▸ DATASET EXTRACT
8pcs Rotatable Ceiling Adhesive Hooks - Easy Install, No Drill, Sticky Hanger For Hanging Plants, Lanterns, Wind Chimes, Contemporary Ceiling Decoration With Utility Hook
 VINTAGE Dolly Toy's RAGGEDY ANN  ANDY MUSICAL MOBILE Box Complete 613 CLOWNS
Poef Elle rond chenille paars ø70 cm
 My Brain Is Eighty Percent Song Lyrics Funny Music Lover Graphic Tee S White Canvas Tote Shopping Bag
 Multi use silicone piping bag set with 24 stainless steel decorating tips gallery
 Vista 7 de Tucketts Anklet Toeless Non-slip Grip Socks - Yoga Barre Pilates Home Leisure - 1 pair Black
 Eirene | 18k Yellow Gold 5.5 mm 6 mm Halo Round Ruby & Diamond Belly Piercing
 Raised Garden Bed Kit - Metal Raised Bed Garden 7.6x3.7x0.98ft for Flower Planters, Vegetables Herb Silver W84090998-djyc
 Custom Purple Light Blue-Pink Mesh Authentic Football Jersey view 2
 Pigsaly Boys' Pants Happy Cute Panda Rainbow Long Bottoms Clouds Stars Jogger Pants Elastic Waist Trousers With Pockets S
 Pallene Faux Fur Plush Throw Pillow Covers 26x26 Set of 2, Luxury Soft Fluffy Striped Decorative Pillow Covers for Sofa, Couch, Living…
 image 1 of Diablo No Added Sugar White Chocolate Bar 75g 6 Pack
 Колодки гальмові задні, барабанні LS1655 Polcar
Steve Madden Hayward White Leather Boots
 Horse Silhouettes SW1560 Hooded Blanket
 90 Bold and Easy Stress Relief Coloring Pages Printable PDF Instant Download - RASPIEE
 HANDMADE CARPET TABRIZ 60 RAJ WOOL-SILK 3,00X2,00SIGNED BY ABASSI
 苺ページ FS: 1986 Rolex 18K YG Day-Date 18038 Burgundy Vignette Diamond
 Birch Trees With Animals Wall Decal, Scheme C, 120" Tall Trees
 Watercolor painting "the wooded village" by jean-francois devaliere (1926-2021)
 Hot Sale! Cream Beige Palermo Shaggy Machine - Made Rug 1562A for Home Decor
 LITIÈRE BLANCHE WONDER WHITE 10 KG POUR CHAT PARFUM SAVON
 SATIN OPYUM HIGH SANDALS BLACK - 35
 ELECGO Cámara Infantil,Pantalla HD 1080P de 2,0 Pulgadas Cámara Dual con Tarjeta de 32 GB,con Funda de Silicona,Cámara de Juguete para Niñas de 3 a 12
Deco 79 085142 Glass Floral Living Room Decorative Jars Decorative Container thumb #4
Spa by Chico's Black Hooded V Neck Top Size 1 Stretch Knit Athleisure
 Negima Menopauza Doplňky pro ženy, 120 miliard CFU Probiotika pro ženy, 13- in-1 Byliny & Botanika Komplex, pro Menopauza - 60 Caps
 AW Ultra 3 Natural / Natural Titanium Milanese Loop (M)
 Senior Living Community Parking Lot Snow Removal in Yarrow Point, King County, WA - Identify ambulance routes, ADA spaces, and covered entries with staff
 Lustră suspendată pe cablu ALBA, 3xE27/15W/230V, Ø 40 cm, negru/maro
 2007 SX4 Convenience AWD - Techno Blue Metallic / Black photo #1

▸ PROBLEM DETAILS
Every line from the one holding "AW Ultra 3 Natural" through the last line of the listing above should be set down exactly, and nothing more.

▸ SOLVED EXERCISE
 AW Ultra 3 Natural / Natural Titanium Milanese Loop (M)
 Senior Living Community Parking Lot Snow Removal in Yarrow Point, King County, WA - Identify ambulance routes, ADA spaces, and covered entries with staff
 Lustră suspendată pe cablu ALBA, 3xE27/15W/230V, Ø 40 cm, negru/maro
 2007 SX4 Convenience AWD - Techno Blue Metallic / Black photo #1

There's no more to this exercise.